In Focus: Renate Sami 3
With Pyramids
(Mit Pyramiden)
Renate Sami | 1990 | Germany | 93’ | 16mm
“I could say Mit Pyramiden is a film about Egypt. About Cairo, about the people there, the streets, the history of the country, the sounds, the light, about the colours, the religions, the sand, the pyramids. I see and I hear. Cars honking, cars standing around everywhere, people in long clothes, including men. Renate Sami shows me everything as if I were seeing it for the first time. I’m the one discovering life in the images. I follow her traces in the other culture.
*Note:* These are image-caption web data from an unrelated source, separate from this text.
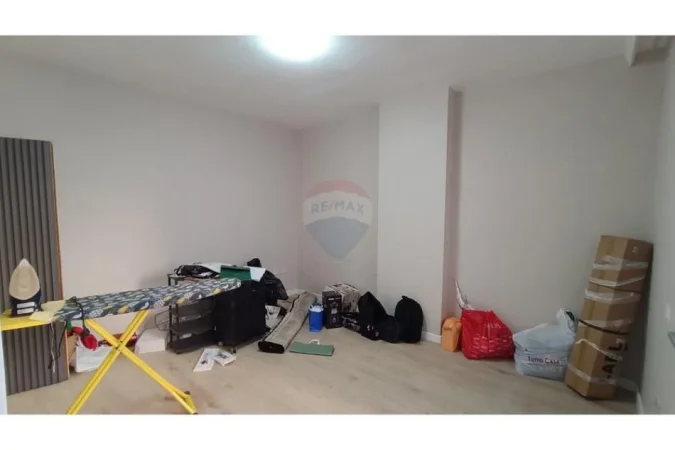 Tirane, shitet 2+1+Ballkon Kati 1, 114 m² 215.000 € 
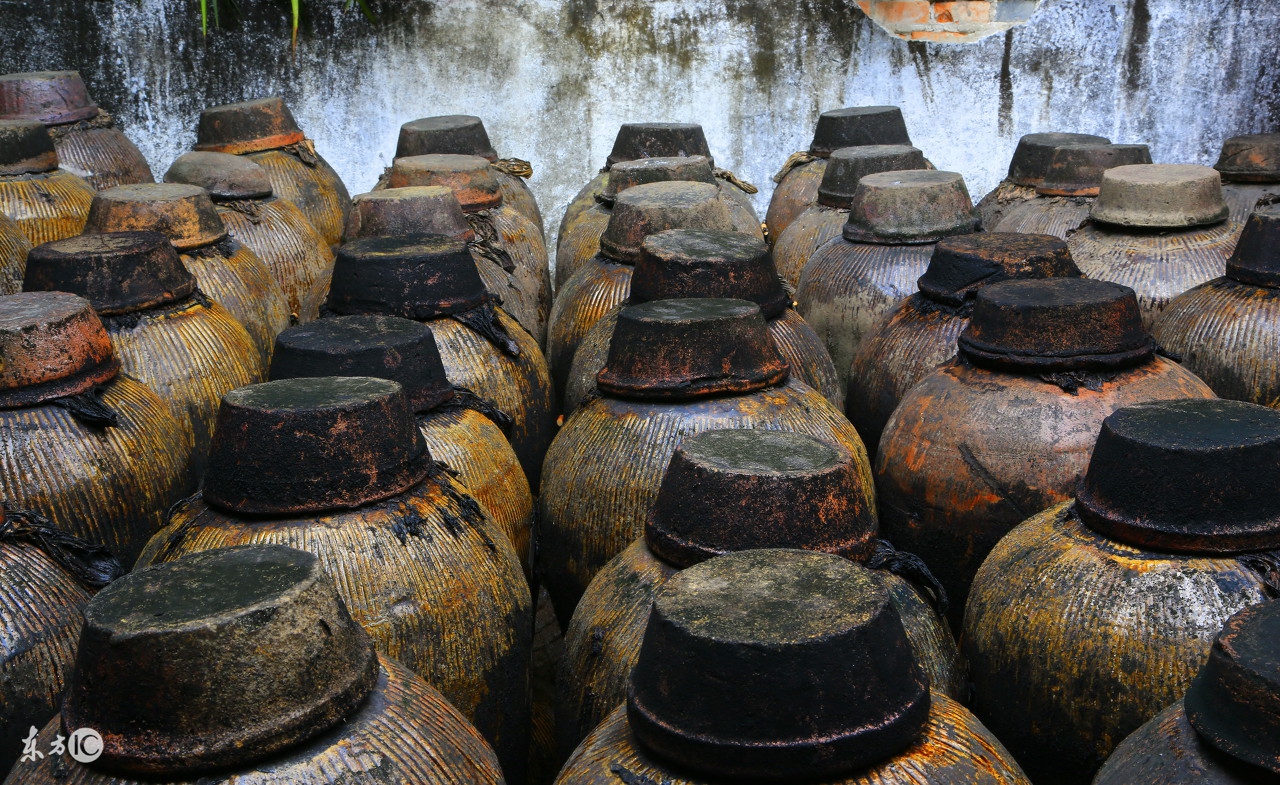 小镇上的酿酒大师万全林，看他如何成就了“石库门”老酒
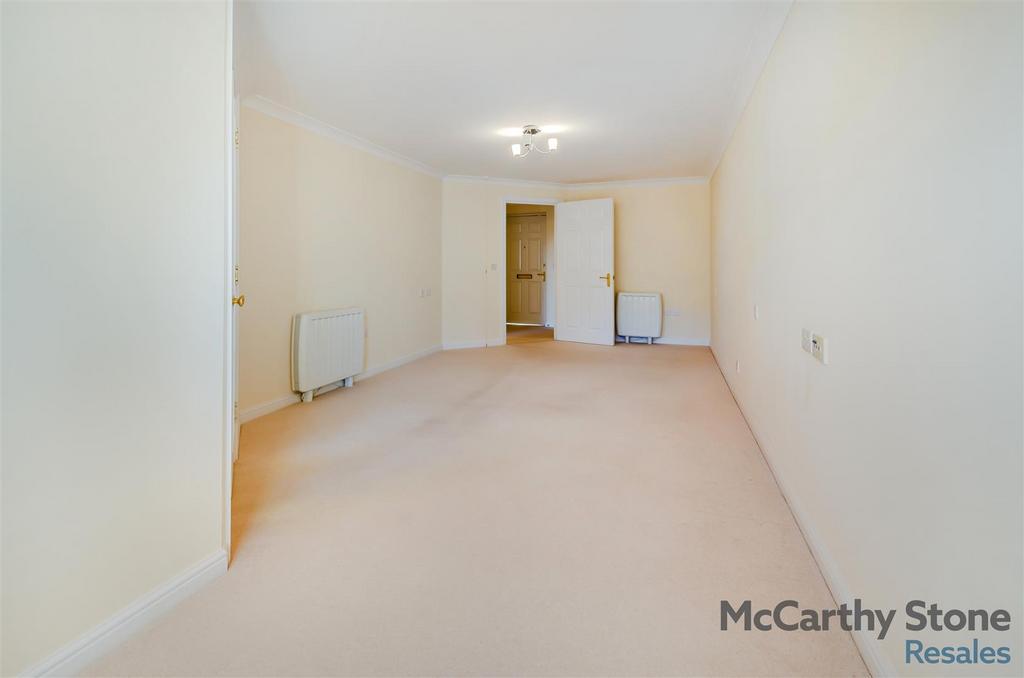 8673740-interior02.jpg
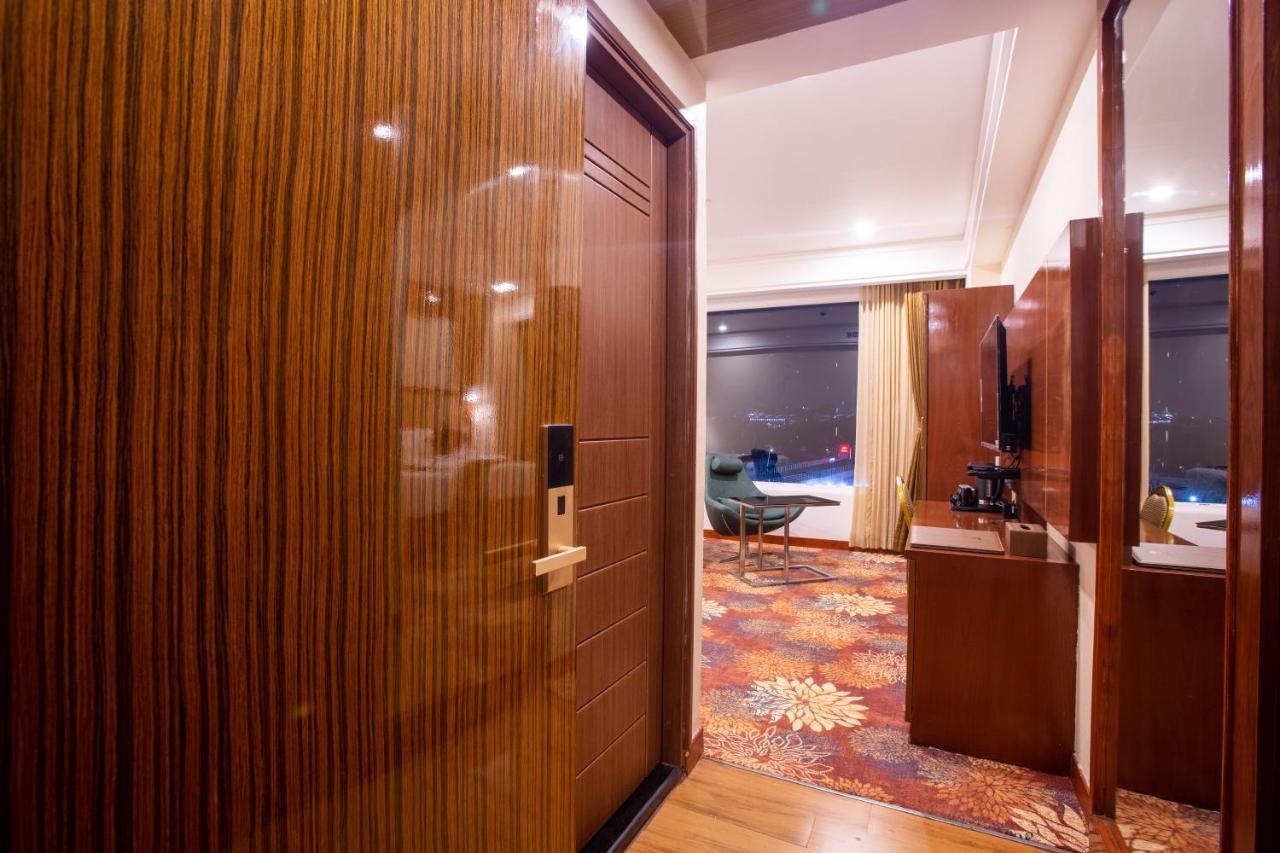 Kingston Hotel Bangalore Exteriör bild
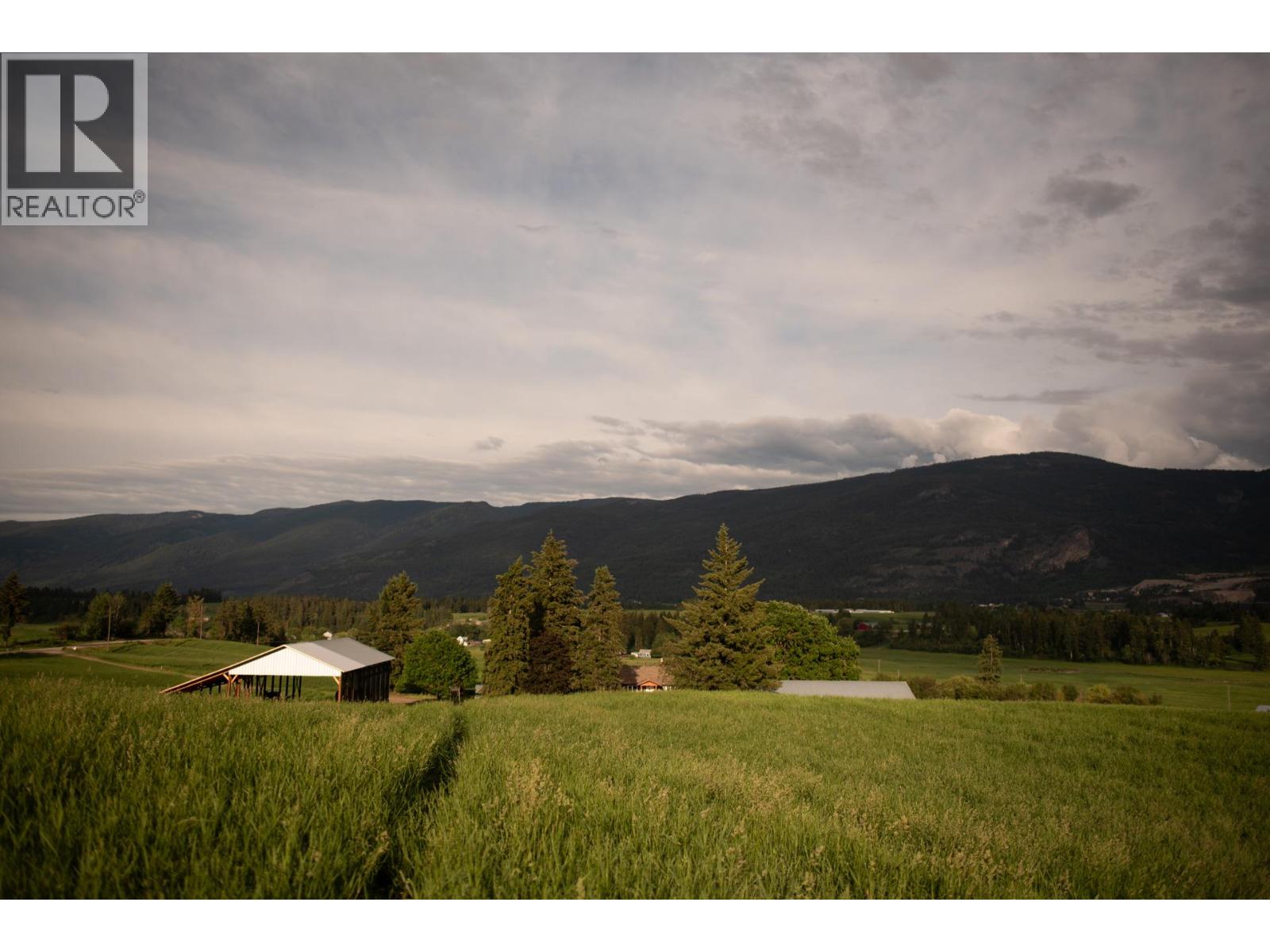 4355 Walbridge Road, Spallumcheen, British Columbia  V4Y 0N4 - Photo 9 - 10397243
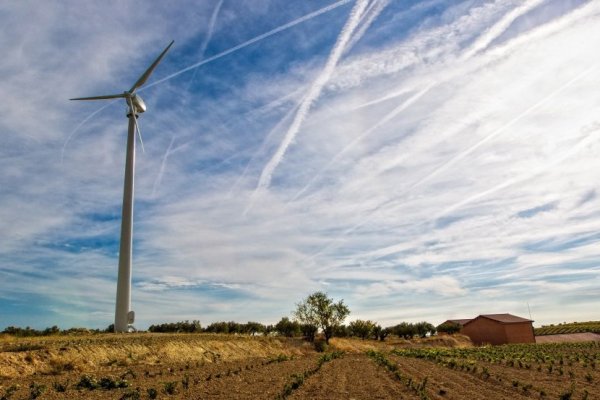 <p>La propuesta de la Comisión en REPowerEU consistía en aumentar el objetivo hasta al menos el 45% en 2030.</p>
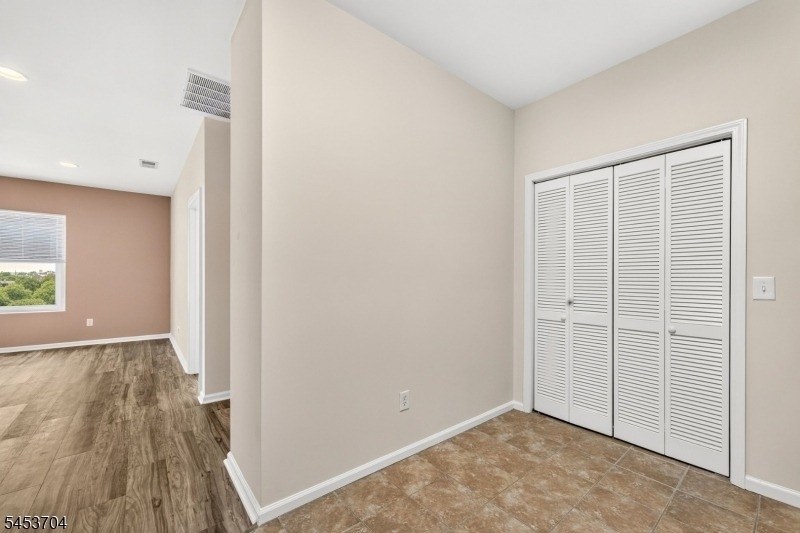 62 W Main St - Photo 8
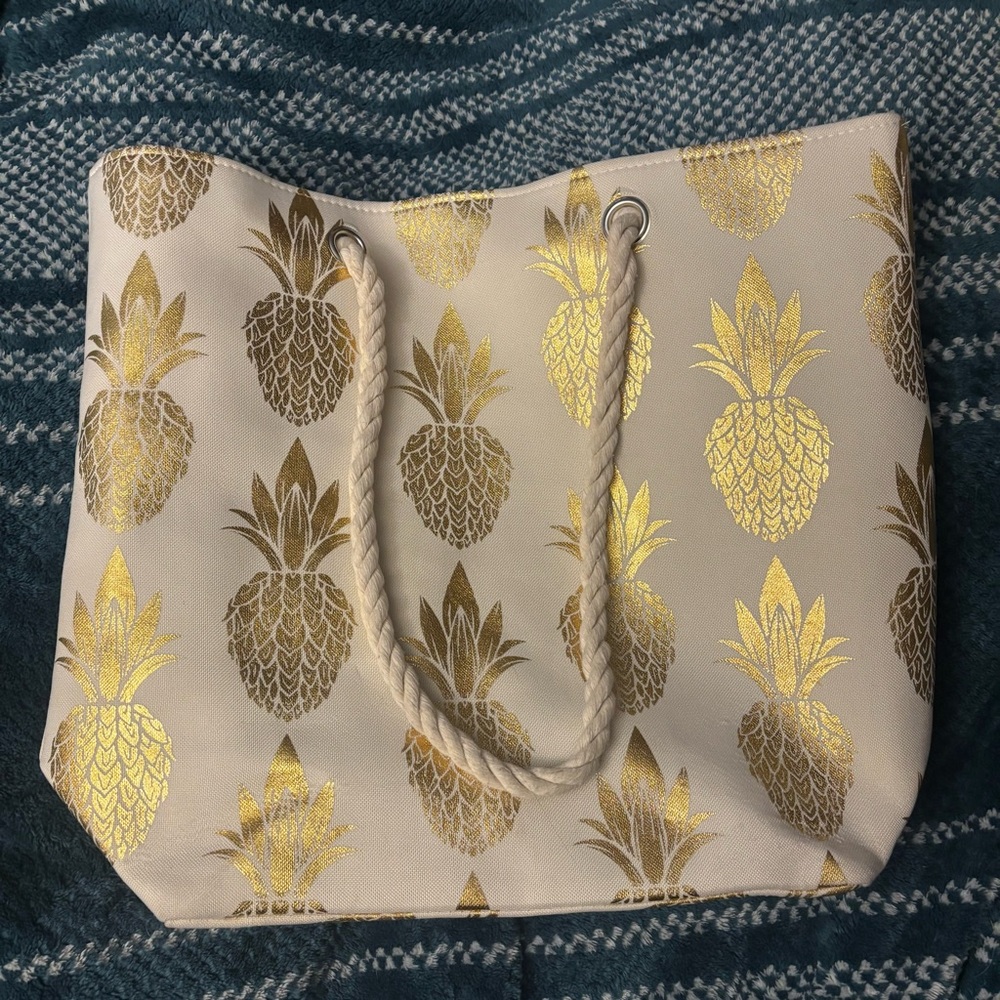 Cruise Club Pineapple Tote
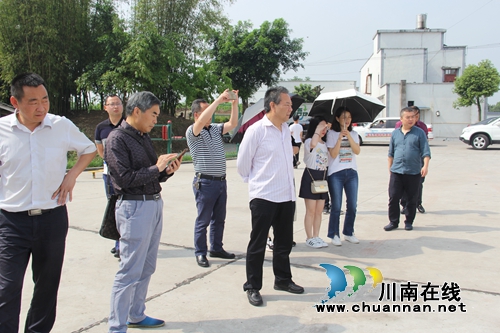 绵阳市梓潼县到泸县云龙镇考察交流农村垃圾分类工作(图1)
I hear that I hear and I see that I see. Nothing is covered up with words or music. Life shows itself. It is as if a veil were continuously falling. It is like a cleansing of the senses. My intellect wakes up. The explosions of editing do this. Things collide that I would not have suspected. They generate a new space outside the film. The pleasure of the unexpected wonder between the images gives the film an energy all its own.” (Ute Aurand)
In collaboration with the Goethe-Institut & thanks to the Deutsche Kinemathek
With an introduction by Ute Aurand
Ute Aurand (Germany, 1957) has been a central figure of Berlin’s experimental film scene since the 1980s and is one the most significant filmmakers active in the 16mm diary and portrait tradition today. As a film programmer, she has championed work by women filmmakers, often showing her films in dialogue with those of fellow filmmakers and friends. Together with Renate Sami, Aurand organized the legendary screening series FilmSamstag at Kino Arsenal (1997-2007).